Experimental program
Comparison scheme
Effect test

Embodiment 1

[0036] (a) Trametinib can significantly restore the sensitivity of drug-resistant cells to the anticancer drug vincristine

[0037] Parental cells (KB) and P-gp high-expressing cells (KB V200 ) in a 96-well plate (5000 cells / well), after 4 hours the cells were completely adhered to the wall, vincristine was added to the corresponding wells in a concentration gradient, and the difference in the volume of the drug was filled with phosphate buffered saline (PBS), 72 After 1 hour, add 10 μL of 0.5 mg / ml thiazolium blue (MTT) to each well, incubate at 37°C for 4 hours, absorb the culture medium, and add 50 μL of dimethyl sulfoxide (DMSO) to each well to dissolve the crystals after drying. Measure the OD value at 570nm of the standard instrument; after combining different concentrations (1 μM, 3 μM and 10 μM) of trametinib with gradient concentrations of vincristine, repeat the above process, and set the combination of 10 μM verapamil and vincristine For comparison, calculate the IC5...

Embodiment 2

[0052] Trametinib can significantly restore the sensitivity of drug-resistant cells to the anticancer drug doxorubicin

[0053] Parental cells (KB) and P-gp high-expressing cells (KB V200 ) in a 96-well plate (5000 cells / well). After 4 hours of complete cell attachment, add doxorubicin to the corresponding wells in different concentration gradients. The difference in the volume of the drug was filled with phosphate buffered saline (PBS). 72 After 1 hour, add 10 μL of 0.5 mg / ml thiazolium blue (MTT) to each well, incubate at 37°C for 4 hours, absorb the culture medium, and add 50 μL of dimethyl sulfoxide (DMSO) to each well to dissolve the crystals after drying. Measure the OD value at 570nm of the standard instrument; after combining different concentrations (1 μM, 3 μM and 10 μM) of trametinib with gradient concentrations of doxorubicin, repeat the above process, and set the combination of 10 μM verapamil and doxorubicin For comparison, the IC50 of each group was calculated,...

Embodiment 3

[0059] Effect of trametinib on ATP hydrolase activity of P-gp

[0060] The transport of P-gp is driven by the hydrolysis of ATP. The interaction between the reversal agent and P-gp will affect the activity of ATP hydrolase, and the P-gp assay system (Promega, CAT: V3601) is used for detection.
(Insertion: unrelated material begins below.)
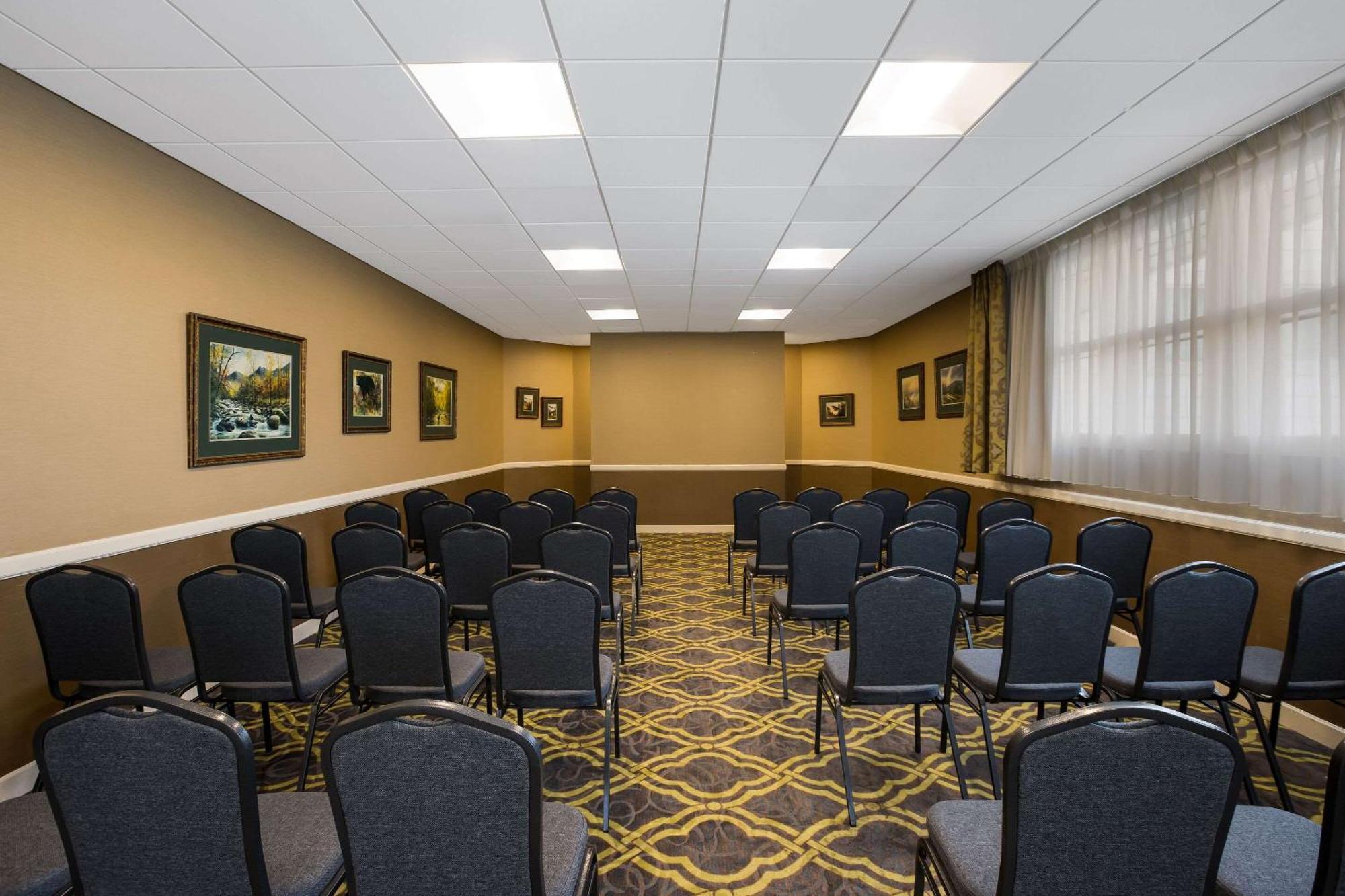 The Inn At Apple Valley, Ascend Hotel Collection Sevierville Exterior photo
P-gp is first incubated with the substrate, and then a certain amount of ATP is added and then terminated. The ATP hydrolysis reaction of P-gp, the remaining ATP not metabolized by the hydrolase is detected by the luciferase reaction system. Compared with the no-substrate group, the greater the weakening of the fluorescence signal, the more ATP was consumed by P-gp, so the greater the signal decrease, the higher the P-gp activity; conversely, the increase of the signal indicated that the ATP hydrolysis activity was inhibited. In this experiment, different concentrations of trametinib were used as the substrate experimental group, and the experimental steps were as follows:

[0061] (1)...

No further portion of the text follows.